#### DATA FOR PROCESSING
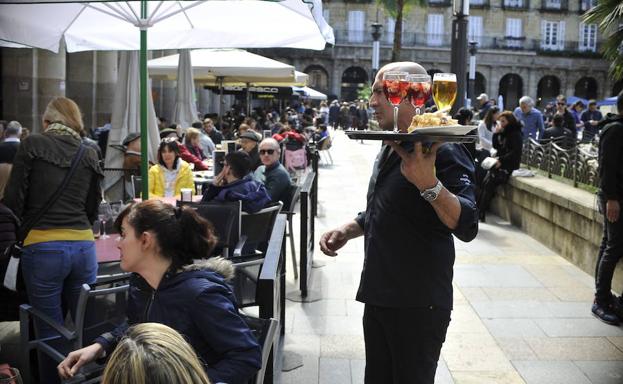 Un camarero, sirviendo bebidas en la terraza.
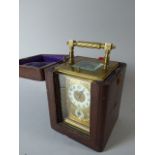 A Pretty French Brass Cased Carriage Clock with Gilt Front Panel and Enamelled Chapter Ring and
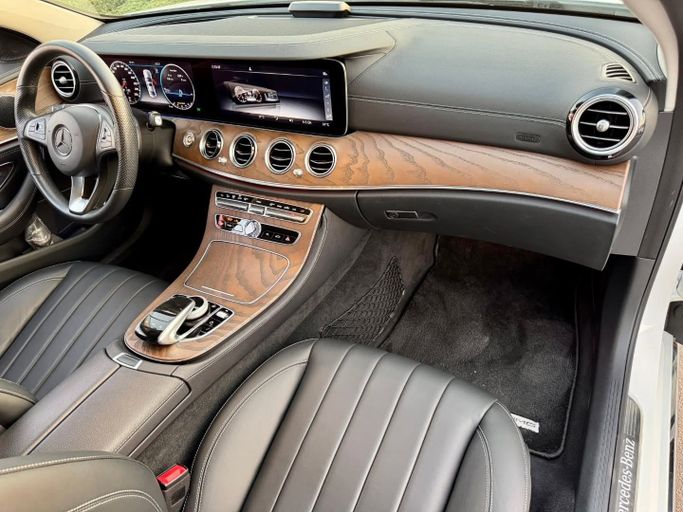 Used Mercedes-Benz E-Class 400 V (W213, S213, C238), 3.0 l, 2018 in Dubai by Saeed Auto, White color. Japanese Specs | AUTO.AE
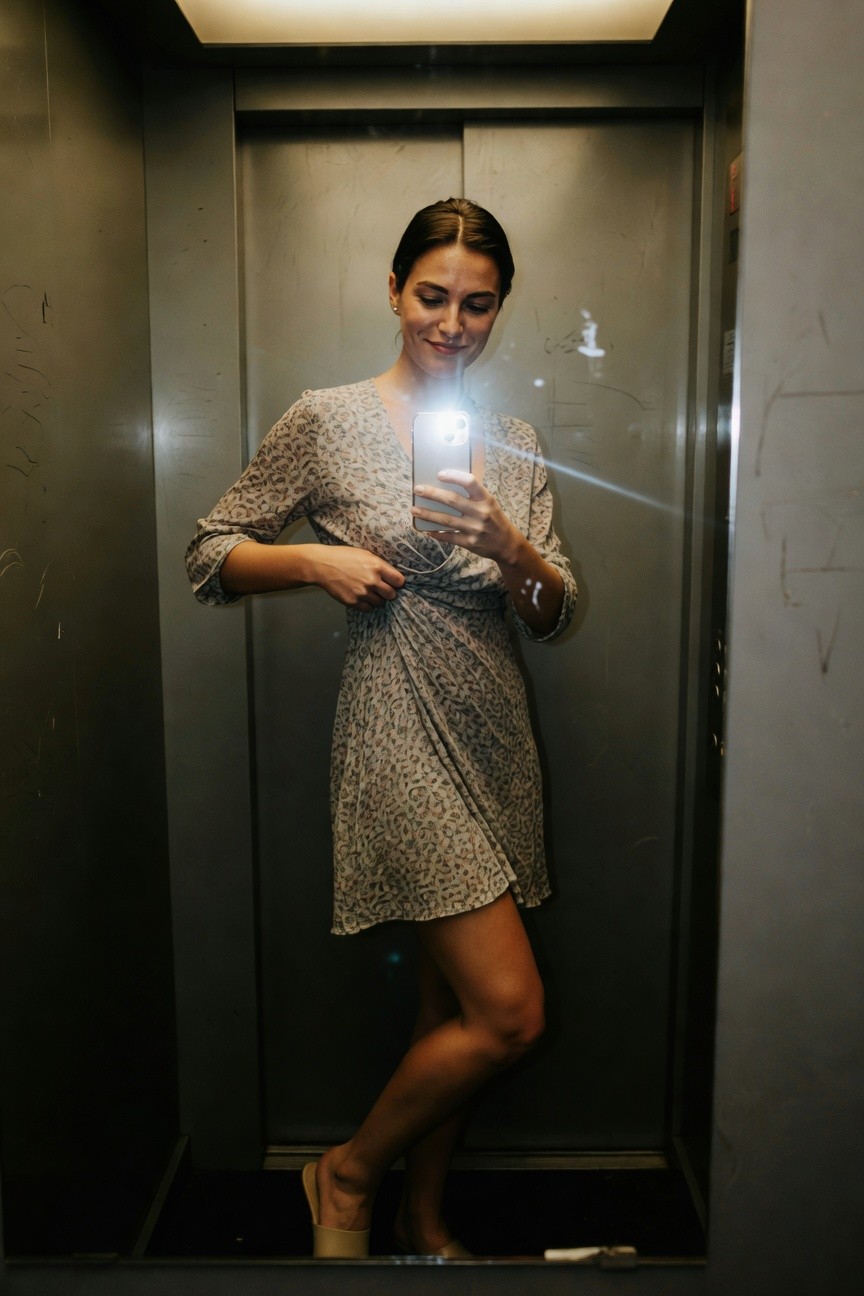 Woman in elevator mirror selfie wearing a light gray-toned leopard print wrap dress with long sleeves and mid-thigh hem, nude slide sandals, holding phone for photo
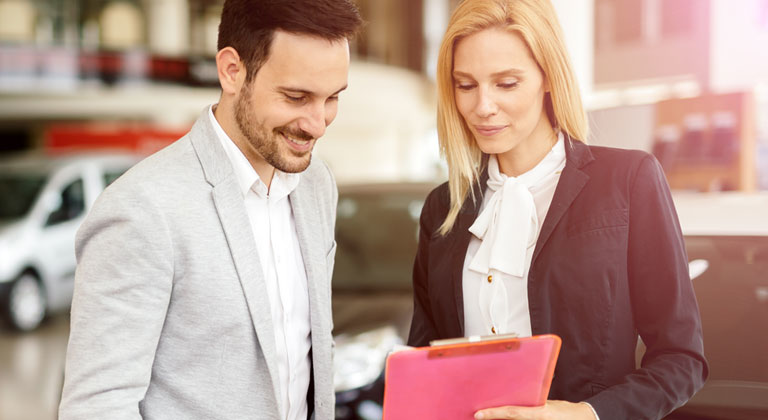 Two people looking at paperwork in dealership.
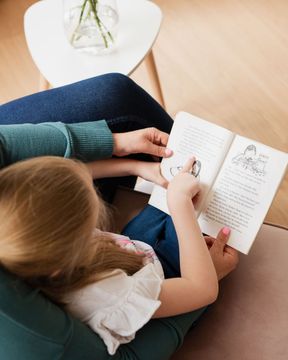 A child points at a book while sitting in a lap. Adult in teal sweater, white top and blue jeans.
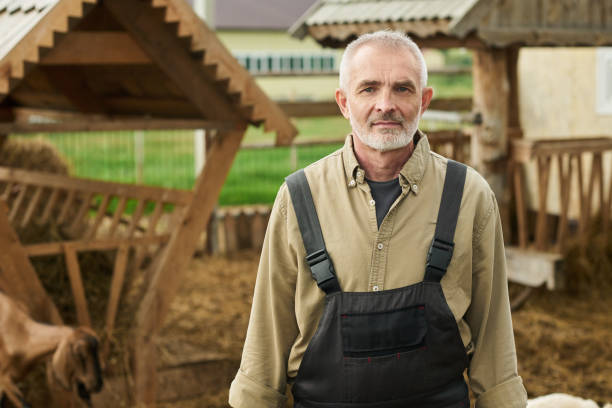 istock Serious senior male farmer in overalls 2186932279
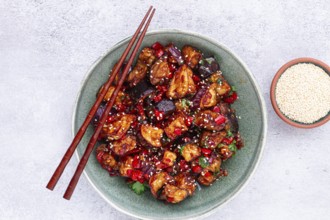Fried eggplant, Chinese style, in sweet and sour sauce, with pepper and sesame seeds, in a green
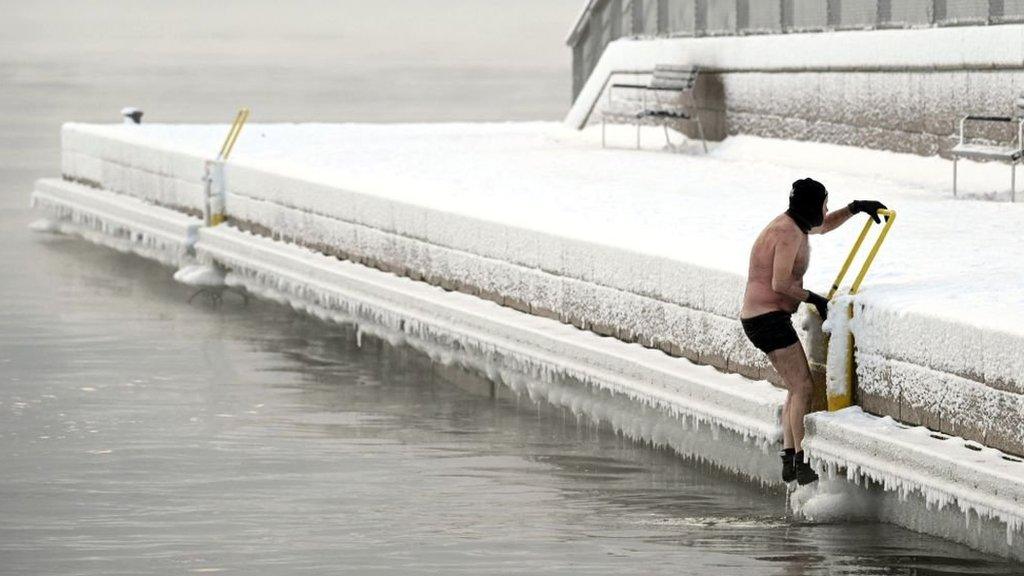 A man gets out from a swim in Helsinki, Finland, in weather of -15C.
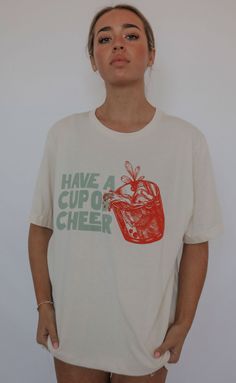 Have a cup of cheer! We love the vintage, festive feel that this shirt gives. It’s classic and timeless but still fun, which is what Christmas fashion is all about. Throw this shirt on to host your holiday parties and let people know you’re a good time from the moment they walk in your house. Lili is 5'7" and is wearing size medium Mary Claire is 5'8" and is wearing size medium sizing guide: small: 36” bust | 28” length medium: 39" bust and 28.5" length large: 42” bust | 30” length extra large: Christmas T-shirts, Have A Cup Of Cheer, Cup Of Cheer, Cheer Tshirts, What Is Christmas, Re A, Christmas Fashion, Good Time, Dress Romper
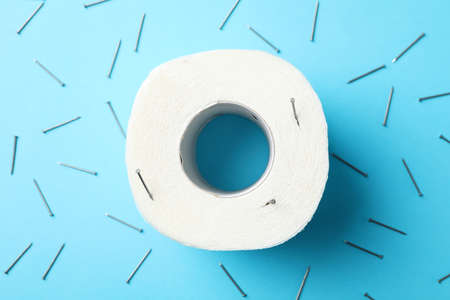 Toilet paper and nails on blue background, top viewの写真素材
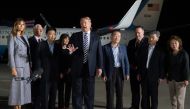 US President Donald Trump (C) speaks upon the arrival of US detainees Kim Dong-chul (4th R), Kim Hak-song (2nd R) and Tony Kim (3rd L) after they were freed by North Korea, at Joint Base Andrews in Maryland on May 10, 2018. AFP / SAUL LOEB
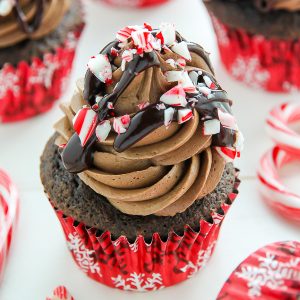 Supremely moist and decadent chocolate cupcakes topped with peppermint mocha frosting, a drizzle of chocolate ganache, and crushed candy canes.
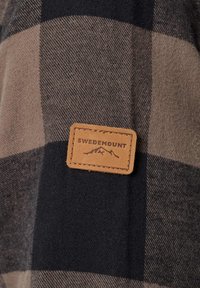 Tissu à carreaux marron et noir avec un patch en cuir cousu portant l'inscription « Swedemount » et un logo de montagne au centre.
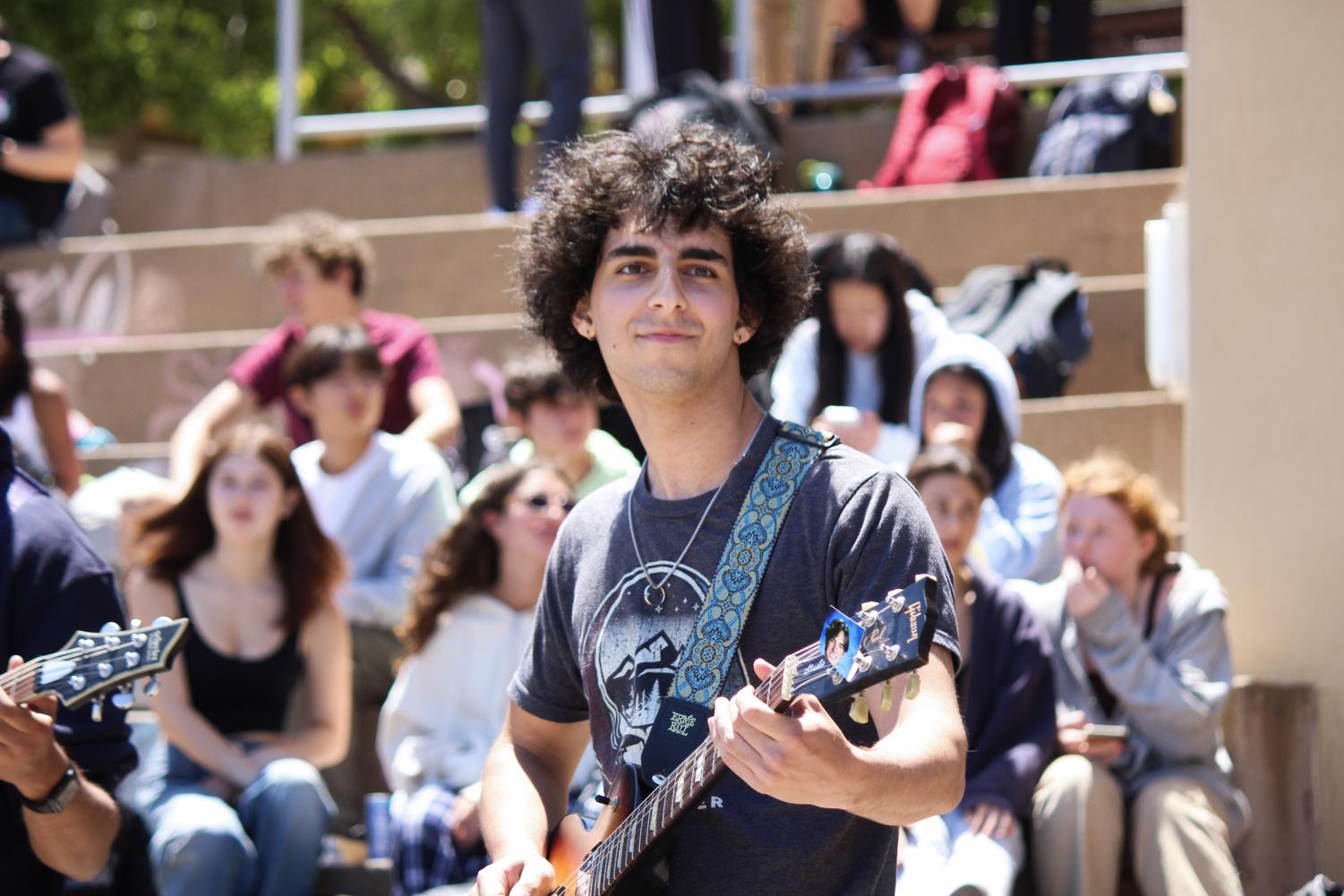 Ravi Hasan enjoys the moment as he performs music in the school quad.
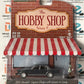 Greenlight The Hobby Shop 1981 Chevrolet Caprice Classic Silver with Woman Figure 1:64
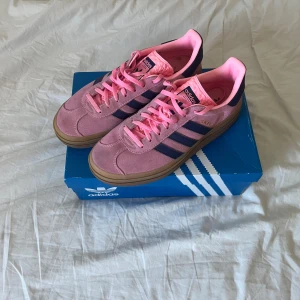 Adidas Originals Gazelle Bold Rosa Sneakers - Säljer ett par Adidas Gazelle sneakers i en snygg rosa färg med mörkblå ränder och detaljer. Använd max två gånger och fortfarande i bra skick! Storlek 42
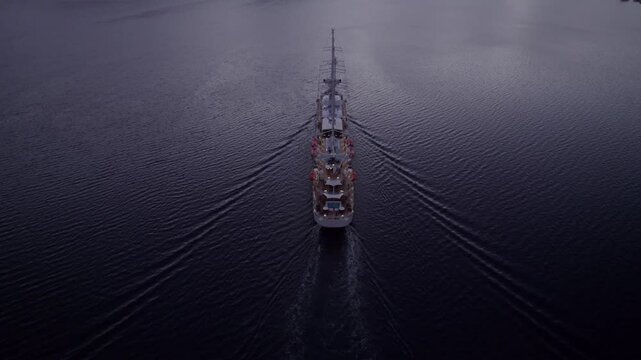 Aerial view of serene Kotor Bay with luxury cruise ship MSY Wind Surf at sunrise, Montenegro.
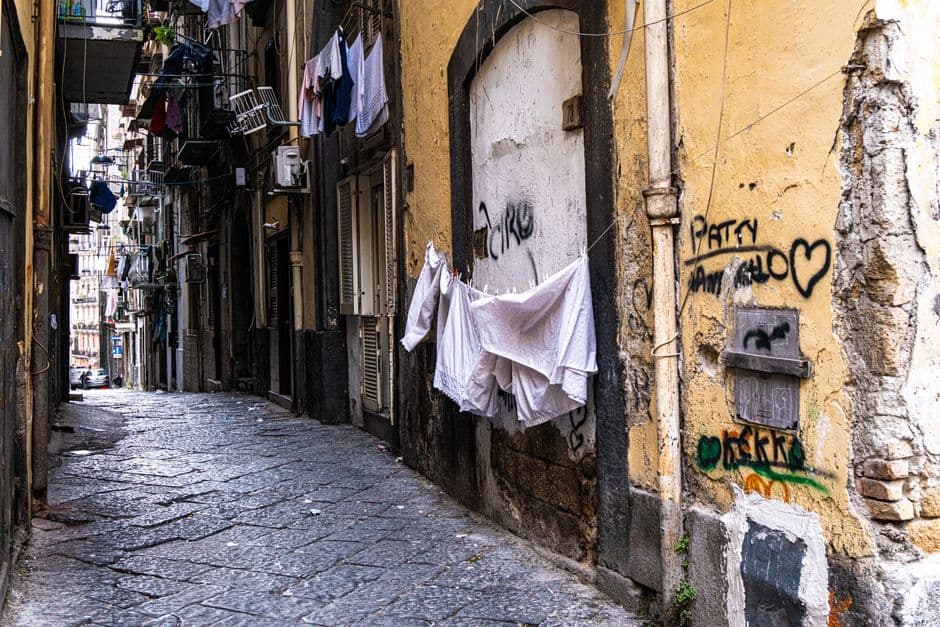 A narrow street in the historic center of Naples with laundry strung between the buildings above and graffiti on the walls
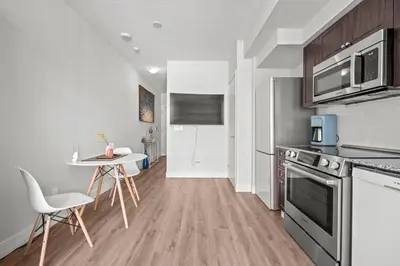 a kitchen with a table and chairs in a room at Charming Studio in Downtown Toronto in Toronto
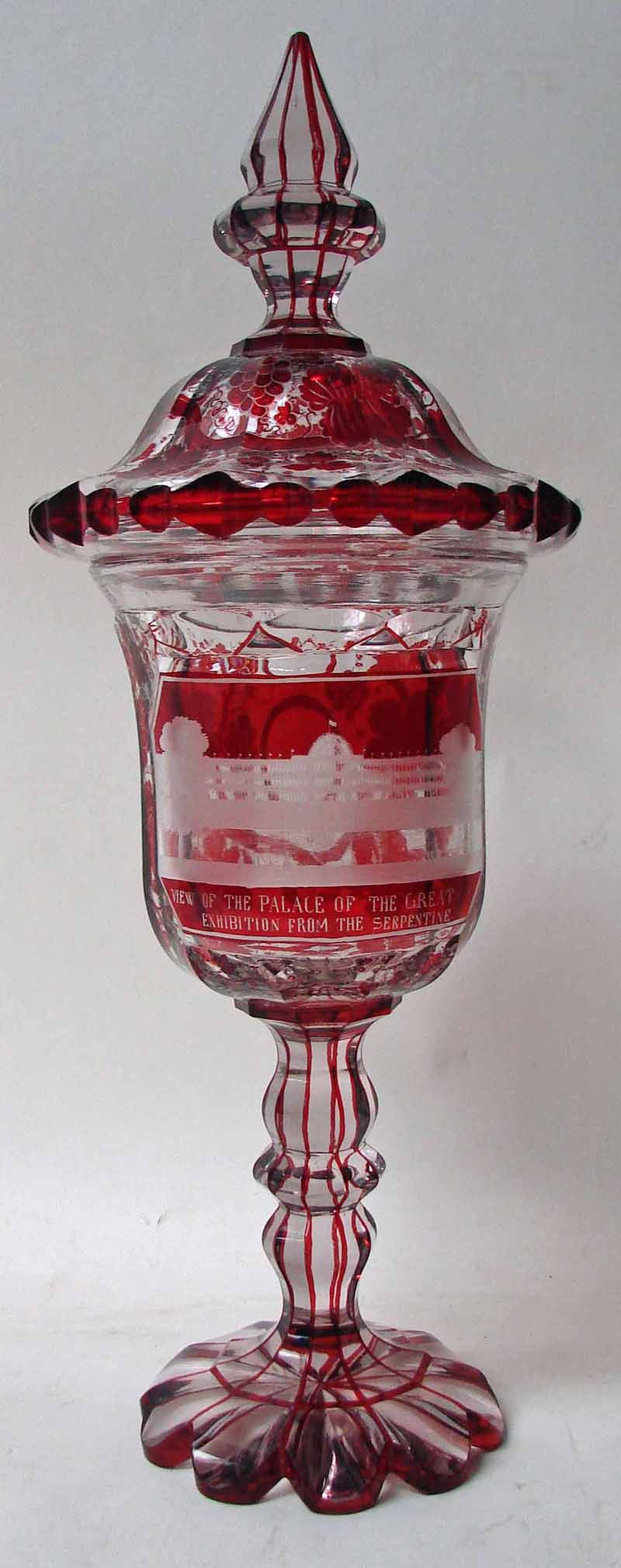 A large 19th century Bohemian cut glass goblet and cover, ruby flashed with fruiting vine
########
REQUIRED ACTION ▸
Restate the lines of the records exactly, starting at the first and stopping after the line with "US President Donald". Leave out any picture.

TASK RESULT ▸
 Un camarero, sirviendo bebidas en la terraza.
 A Pretty French Brass Cased Carriage Clock with Gilt Front Panel and Enamelled Chapter Ring and
 Used Mercedes-Benz E-Class 400 V (W213, S213, C238), 3.0 l, 2018 in Dubai by Saeed Auto, White color. Japanese Specs | AUTO.AE
 Woman in elevator mirror selfie wearing a light gray-toned leopard print wrap dress with long sleeves and mid-thigh hem, nude slide sandals, holding phone for photo
 Two people looking at paperwork in dealership.
 A child points at a book while sitting in a lap. Adult in teal sweater, white top and blue jeans.
 istock Serious senior male farmer in overalls 2186932279
Fried eggplant, Chinese style, in sweet and sour sauce, with pepper and sesame seeds, in a green
 A man gets out from a swim in Helsinki, Finland, in weather of -15C.
 Have a cup of cheer! We love the vintage, festive feel that this shirt gives. It’s classic and timeless but still fun, which is what Christmas fashion is all about. Throw this shirt on to host your holiday parties and let people know you’re a good time from the moment they walk in your house. Lili is 5'7" and is wearing size medium Mary Claire is 5'8" and is wearing size medium sizing guide: small: 36” bust | 28” length medium: 39" bust and 28.5" length large: 42” bust | 30” length extra large: Christmas T-shirts, Have A Cup Of Cheer, Cup Of Cheer, Cheer Tshirts, What Is Christmas, Re A, Christmas Fashion, Good Time, Dress Romper
 Toilet paper and nails on blue background, top viewの写真素材
 US President Donald Trump (C) speaks upon the arrival of US detainees Kim Dong-chul (4th R), Kim Hak-song (2nd R) and Tony Kim (3rd L) after they were freed by North Korea, at Joint Base Andrews in Maryland on May 10, 2018. AFP / SAUL LOEB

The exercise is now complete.